§ Your goal
Leave out every picture and set down, exactly, the lines below from the one holding "2022 Toyota RAV4 LE photo 5" up to and including the one holding "Used 2025 Subaru".

§ Information
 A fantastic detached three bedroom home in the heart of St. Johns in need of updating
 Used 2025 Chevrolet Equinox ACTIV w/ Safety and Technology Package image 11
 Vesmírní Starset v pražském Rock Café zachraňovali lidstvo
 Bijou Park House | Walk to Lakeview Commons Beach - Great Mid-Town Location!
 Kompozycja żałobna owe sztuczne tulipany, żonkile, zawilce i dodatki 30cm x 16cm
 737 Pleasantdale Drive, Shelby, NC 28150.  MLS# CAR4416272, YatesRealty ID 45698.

---

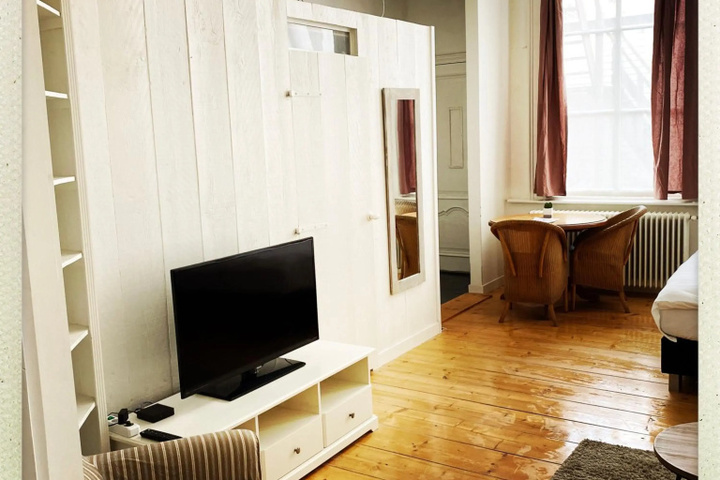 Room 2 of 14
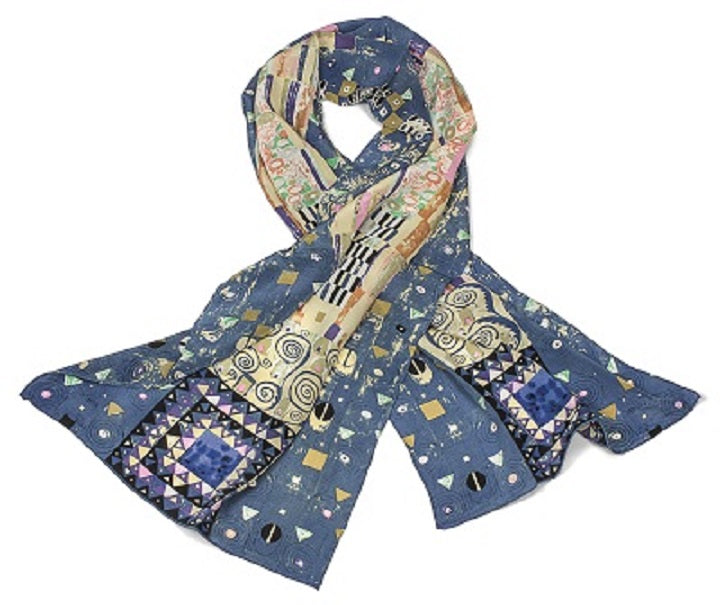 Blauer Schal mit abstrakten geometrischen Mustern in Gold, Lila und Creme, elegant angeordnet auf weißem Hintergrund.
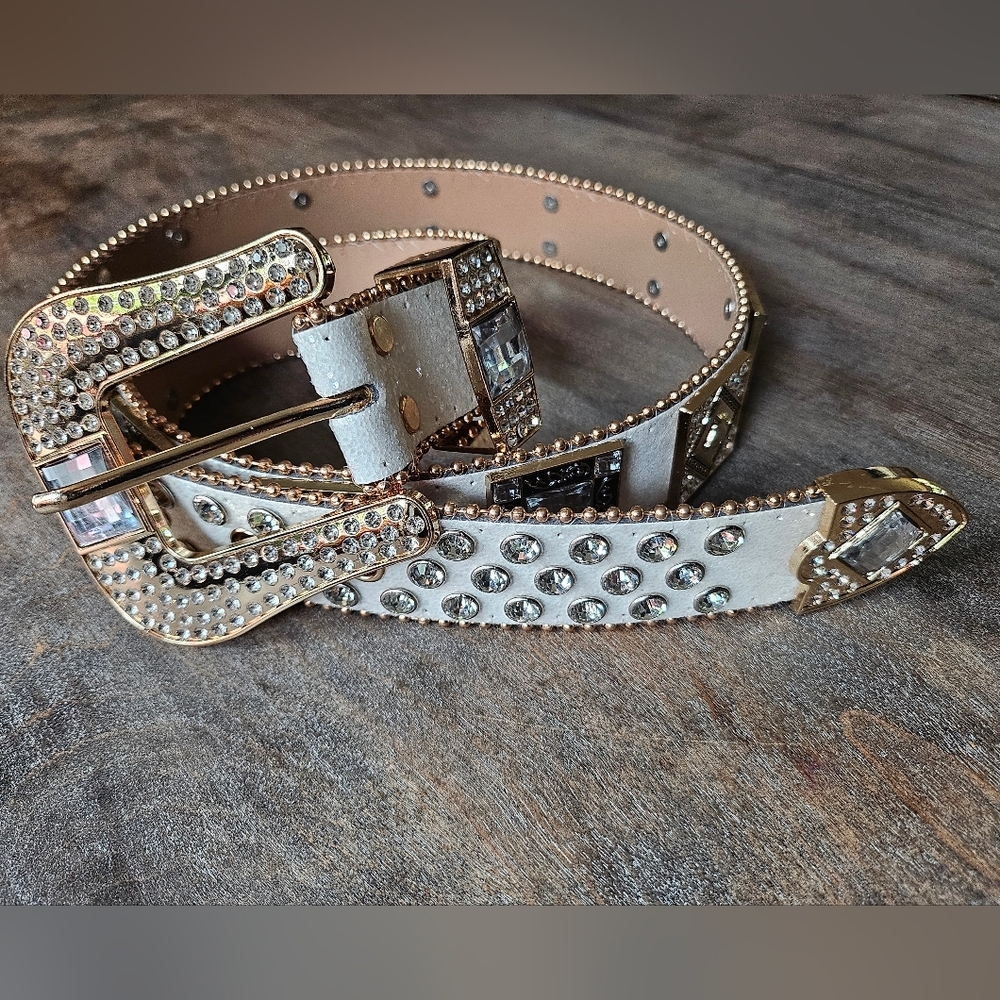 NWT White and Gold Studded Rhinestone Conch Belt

* * *

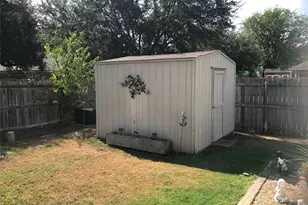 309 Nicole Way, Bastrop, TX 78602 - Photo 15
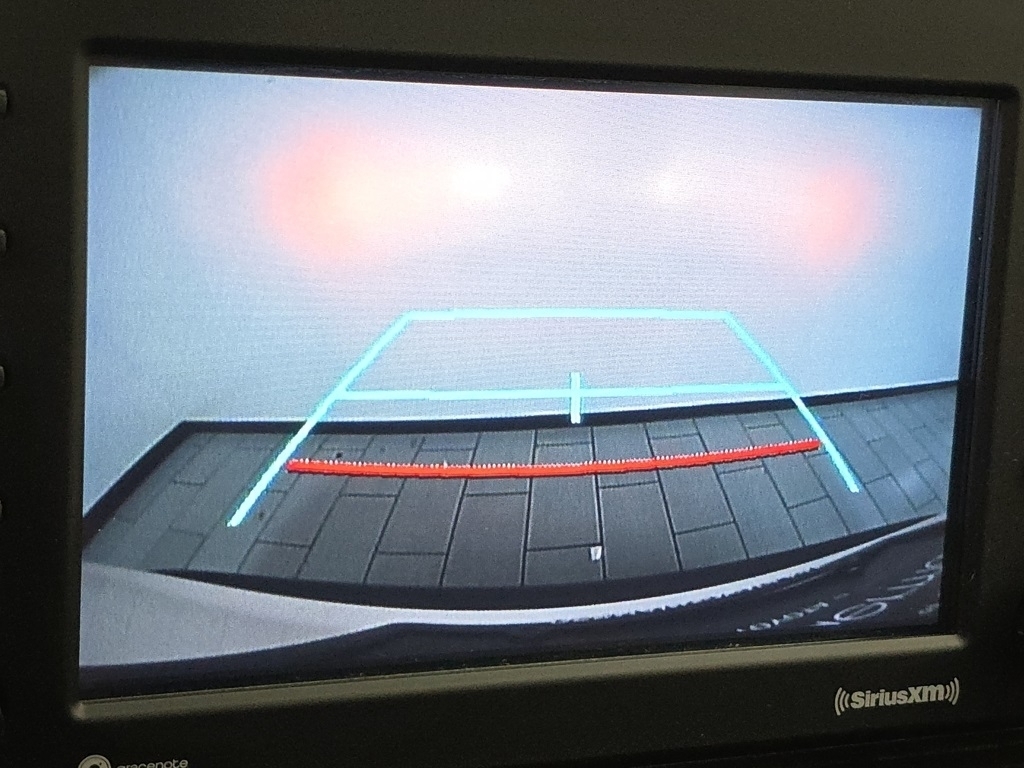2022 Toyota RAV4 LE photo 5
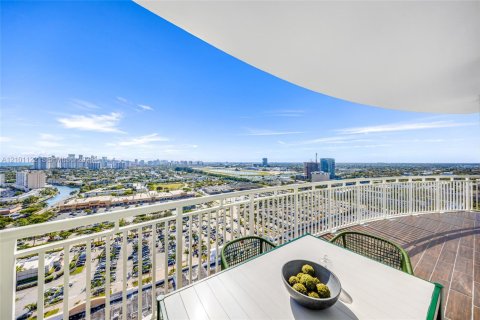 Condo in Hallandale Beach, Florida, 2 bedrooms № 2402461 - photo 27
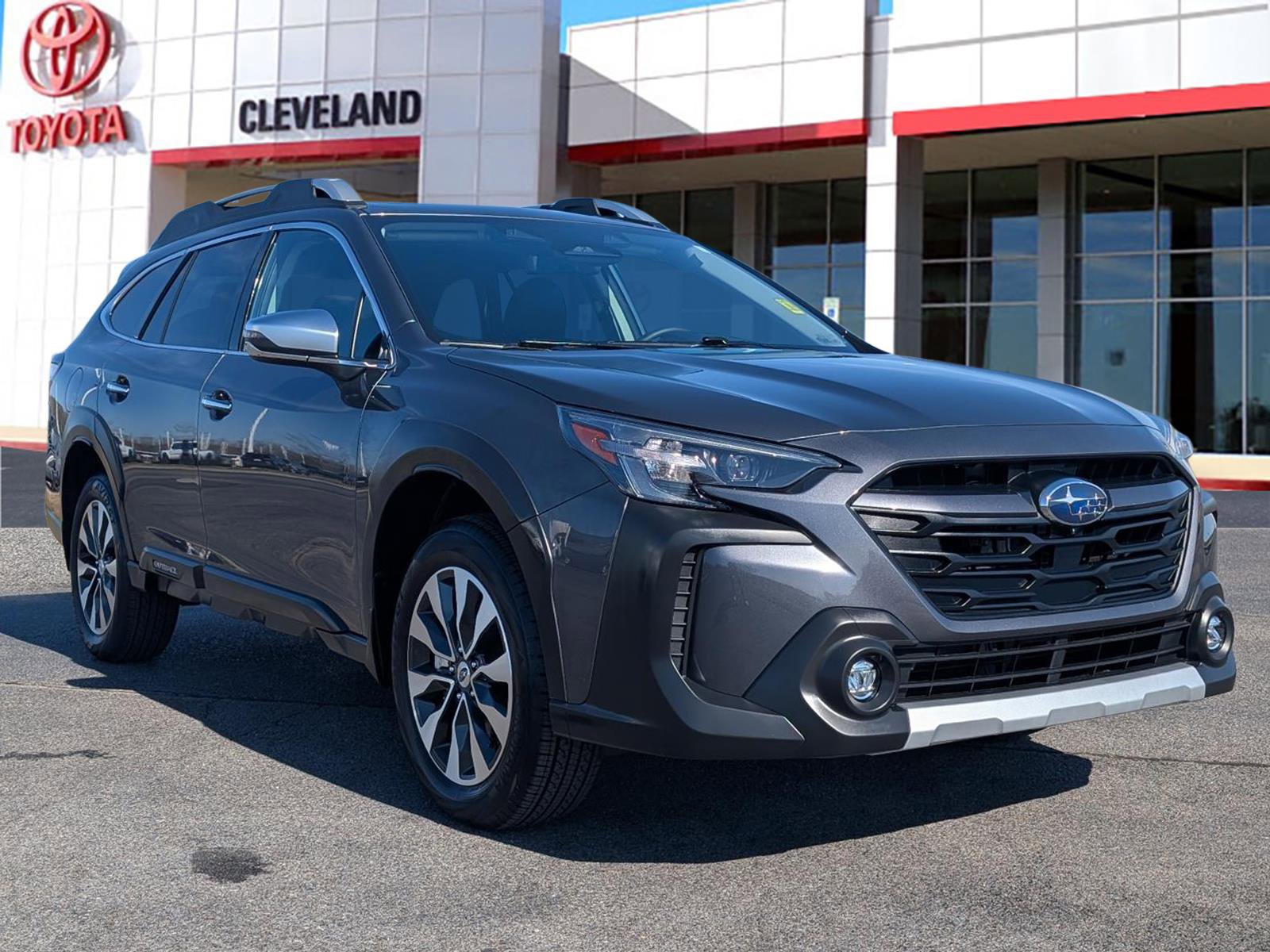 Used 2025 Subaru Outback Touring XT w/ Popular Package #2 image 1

§ Answer space
2022 Toyota RAV4 LE photo 5
 Condo in Hallandale Beach, Florida, 2 bedrooms № 2402461 - photo 27
 Used 2025 Subaru Outback Touring XT w/ Popular Package #2 image 1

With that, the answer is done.